Poco a poco, sin embargo, los límites que los ingleses se habían fijado se relajaron. Gran Bretaña comenzó así a involucrarse en los dimes y diretes que sacudían a Europa. El resultado de este deslizarse en los asuntos europeos fue terrible. Ello les representó la pérdida de un millón de hombres en los campos de batalla franceses y turcos durante la Primera Guerra Mundial. Finalizado este terrible conflicto, el Reino Unido constató incrédulamente los extremos a los que había conducido su involucramiento continental. Era una repetición de la incredulidad con la que un siglo antes habían contemplado las consecuencias de su aislacionismo. Y si el resultado de aquel los había hecho volver a Europa, el resultado de su involucramiento continental los conducía ahora de regreso hacia un nuevo aislacionismo.

El país volvía así a sumirse en el sopor insular, lo que venía acompañado por un énfasis en sus propios problemas económicos y por el abandono de las políticas armamentistas. Ello los hizo desoír los llamados de Churchill, quien alertaba frente a los riesgos de una Alemania que se hacía cada vez más poderosa y agresiva. El año 1939 vino nuevamente a despertar con violencia a un país que creyó poder mantenerse al margen de los problemas continentales. Esto los condujo a un conflicto que hubiese podido evitarse de no ser por su inacción frente a las manifestaciones iniciales del expansionismo nazi.  Repitiendo la experiencia de la era napoleónica, Gran Bretaña debió enfrentarse de nuevo a todo un continente hostil, soportando durante cinco años una guerra contra Alemania que incluyó dos años de enfrentamiento solitario.

El fin de la Segunda Guerra Mundial implicó la renovación de su política continental. La misma, sin embargo, encontró un contrapeso en su nueva relación privilegiada con Washington.
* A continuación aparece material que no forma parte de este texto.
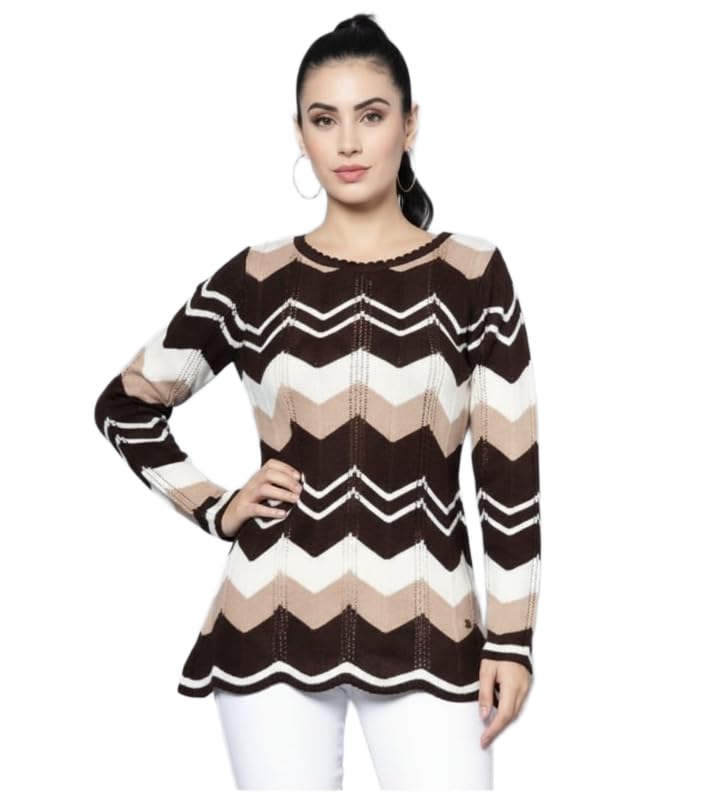SUHANI Women's Knit Sweater: Elegant Long Sleeve Top in Chic Brown Beige White for Stylish Comfort Winter Fashion-picture-39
Esta ambivalencia de prioridades entre Europa continental y Estados Unidos, hizo que De Gaulle viese con profunda desconfianza a los británicos y se opusiese a su entrada a la Comunidad Europea. De alguna manera su estrecha vinculación a Washington venía a convertirse en una prolongación de sus viejos impulsos hacia los horizontes marinos.

Aunque Reino Unido no fue uno de los seis fundadores de la Comunidad Europea en 1957, logró incorporarse a esta organización en 1973. Fue, eso si, uno de los signatarios del Tratado de Maastricht que dió nacimiento a la Unión Europea en 1993. Nunca sin embargo se incorporó a la zona del Euro o al Acuerdo Schengen, buscando salvaguardar su especificidad en materias monetaria y de acceso a su territorio. Pero a pesar de esta distancia frente a los socios más comprometidos de la Unión Europea, todo parecía indicar que su futuro se hallaba unido a ésta.

En 2016, sin embargo, la ambivalencia británica frente a Europa llegó a otro de sus puntos álgidos. La inmigración masiva que sacudió al continente, y que en el sólo 2015 representó el ingreso de más de un millón de recién llegados, unida a la tormenta económica que asoló a la Eurozona, saturaron nuevamente los límites de su compromiso europeo. Una vez más, los británicos decidieron que su futuro no se econtraba atado a Europa y apelaron a su insularidad y a los horizontes transoceánicos.